Such focus on Silicon Valley firms has prompted accusations from some in the United States that Europe is unfairly targeting American companies. The region’s officials vigorously deny these claims.
But with the record antitrust fine against Google — larger than the previous high of €1.06 billion against Intel in 2009 — European officials have gone significantly further than their American counterparts in determining what is, and is not, allowed to take place on the web.
“What Google has done is illegal under E.U. antitrust rules,” said Ms. Vestager in a statement on Tuesday. “It denied other companies the chance to compete on the merits and to innovate. And most importantly, it denied European consumers a genuine choice of services and the full benefits of innovation.”
Google has repeatedly denied that it has breached Europe’s tough competition rules, saying that its digital services have helped the region’s digital economy to grow and are used by hundreds of millions of Europeans each day. It also adds that there remains significant online competition in Europe, including from the likes of Amazon and eBay.

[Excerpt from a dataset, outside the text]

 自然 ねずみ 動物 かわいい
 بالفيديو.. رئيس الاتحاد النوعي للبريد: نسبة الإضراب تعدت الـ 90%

Google is likely to consider an appeal.
The antitrust ruling on Tuesday related to Google’s online shopping service, which the European Commission, the executive arm of the European Union, said received preferential treatment compared to those of rivals in specialized search results.
Analysts say these so-called vertical search products — that also include those for restaurant and business reviews — represent a fast-growing percentage of Google’s annual revenues.
While the fine is likely to garner much of the attention, focus will quickly shift to the changes that Google will now be forced to make to comply with Europe’s antitrust decision.
Under European rules, the search giant — and not the regulator — must come up with proposals to guarantee that it treats competitors fairly when people make online search queries. The authorities can demand that Google make further changes if they are not satisfied with the initial proposals.
Analysts and many of Google’s competitors have called for an independent monitor to oversee the company’s digital services in Europe, which may potentially extend to tough oversight of its search algorithms, some of Google’s most important intellectual property. The search giant is likely to fiercely oppose such a remedy.
Google has other options, including the removal of some of its specialized search services from Europe, as well as returning them to how they operated before Europe’s investigation began almost a decade ago.
Whatever the outcome, analysts expect a protracted legal battle that will continue for several years as both Google and its rivals fight to define how the search giant can offer its services to Europeans and those farther afield.
“The changes could have ramifications beyond Google Shopping, and might even impact Google’s operations in the U.S.,” a number of American companies that have filed antitrust complaints against Google said in a public letter ahead of the ruling on Tuesday. The signatories included Oracle, News Corporation and Yelp.